A BUNCH OF GIGGLING JAPANESE GIRLS bob up and down excitedly in front of the television camera, blowing kisses and shouting “Ilhan . . . love . . .”
The object of their adulation is nowhere to be seen — Ilhan Mansiz, the Turkey striker, is probably busy training for a match for his club, Besiktas, and has no idea who these girls are who all want to marry him. Yet they have paid thousands of pounds to travel to Turkey on the off-chance of meeting the man they learnt to adore during Turkey’s World Cup adventure in Japan and South Korea.

The Japanese home crowd (the girls, anyway) took to him to such an extent that they cheered him even though Turkey beat Japan in the second round. When he scored a golden goal against Senegal to take Turkey into their first World Cup semi-final, his status as hero was confirmed. English girls will be able to assess his appeal when Turkey travel to England to play a European Championship qualifying match on April 2. Turkey are the seeds of group seven and Mansiz is expected to spearhead their challenge against a team who have twice beaten them 8-0.

After his return to Turkey, newspapers were full of don’t-kiss-and-tell stories by models chasing Mansiz, including one who apparently sent him a text message saying “anything for five minutes with you”. The mere association helped to boost their careers. Websites set up in his name were full of love messages. A gay poet has written about his “eyes like oysters” and this month, Turkish Elle magazine chose him as one of the sexiest men in the land.

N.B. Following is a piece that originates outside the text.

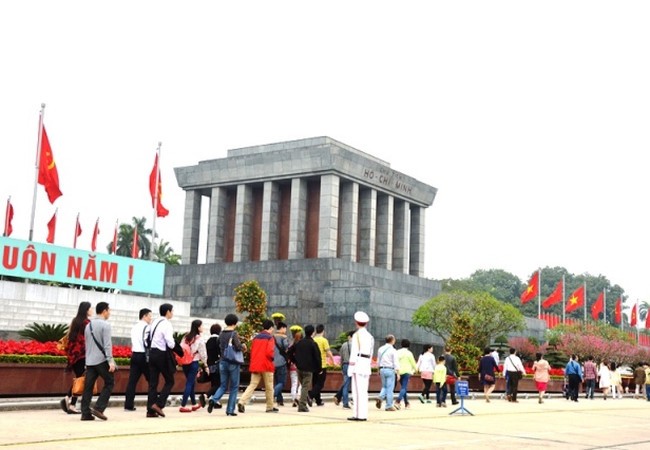 Ngừng đón khách viếng Lăng Chủ tịch Hồ Chí Minh trong 3 tháng để tu bổ - ảnh 1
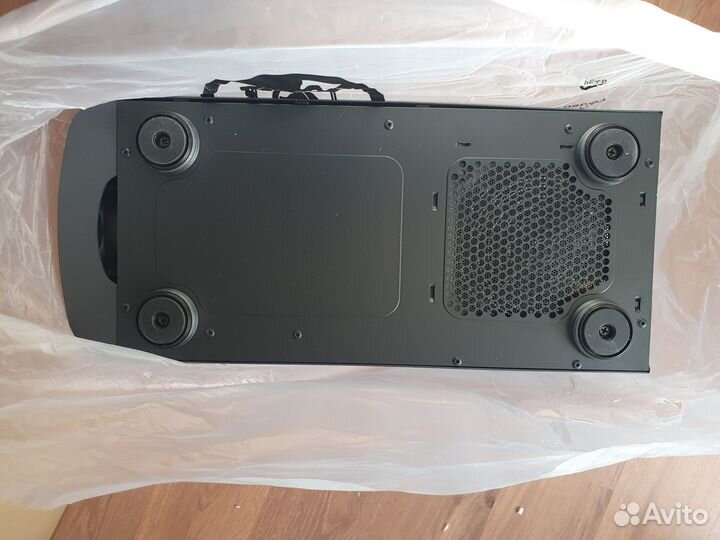 Корпуса Inwin, Aerocool новые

One of Turkey’s best players and indisputably the best-looking, Mansiz is in demand and, to read the press, he is having a ball. But in the flesh, the man the Turkish media would have us believe is a rampant sex god and a nightclubbing wild child is actually shy . . . not to say a little standoffish.

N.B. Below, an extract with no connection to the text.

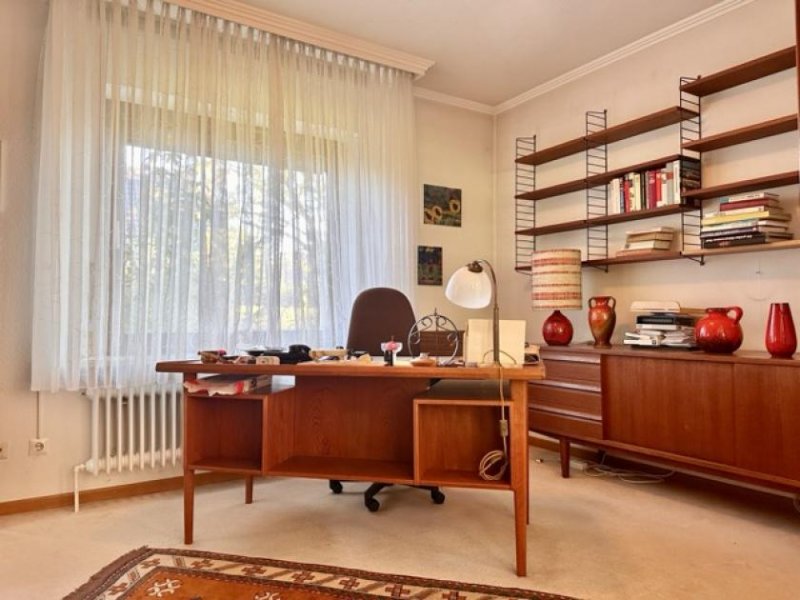 Heide Traumhaft wohnen in Heide: Großzügiges Einfamilienhaus in ruhiger Sackgasse mit Gartenidyll Haus kaufen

Not surprisingly, after the media peddled half-truths about his alleged partying and professional conduct and then staged a protest when he lashed out at them, he rarely gives interviews and clearly sees reporters as “The Enemy”. Trying not to take it personally, The Times asks him how many reports about him are true.

“Oh, about 10 per cent,” he says, before reconsidering. “Hmm, maybe that’s too generous. They distort, they exaggerate. I’m shown to be a person I’m not.”

His normally soft voice is shot with anger when he talks about the models who used his name to get in the gossip columns. Later he explains how his shy disposition and mistrustfulness made it difficult for him to make friends in Turkey, which, as a German-born son of Turkish migrants, is essentially a foreign country to him.

Watching him in his flat in Asian Istanbul, it is easy to see why the Japanese feel affinity with Mansiz. Forget his stature and sportsman’s gait; with almond-shaped eyes, trendy cropped hair with reddish highlights and low-slung Moschino jeans, in civvies he looks more like a Japanese fashion student than last year’s most prolific Turkey striker.

He laughs when asked about the Japanese: “I met some who came on tours. I’m astonished — they come all the way from Japan to see a footballer. I really must have an important place in their hearts.” He looks mystified.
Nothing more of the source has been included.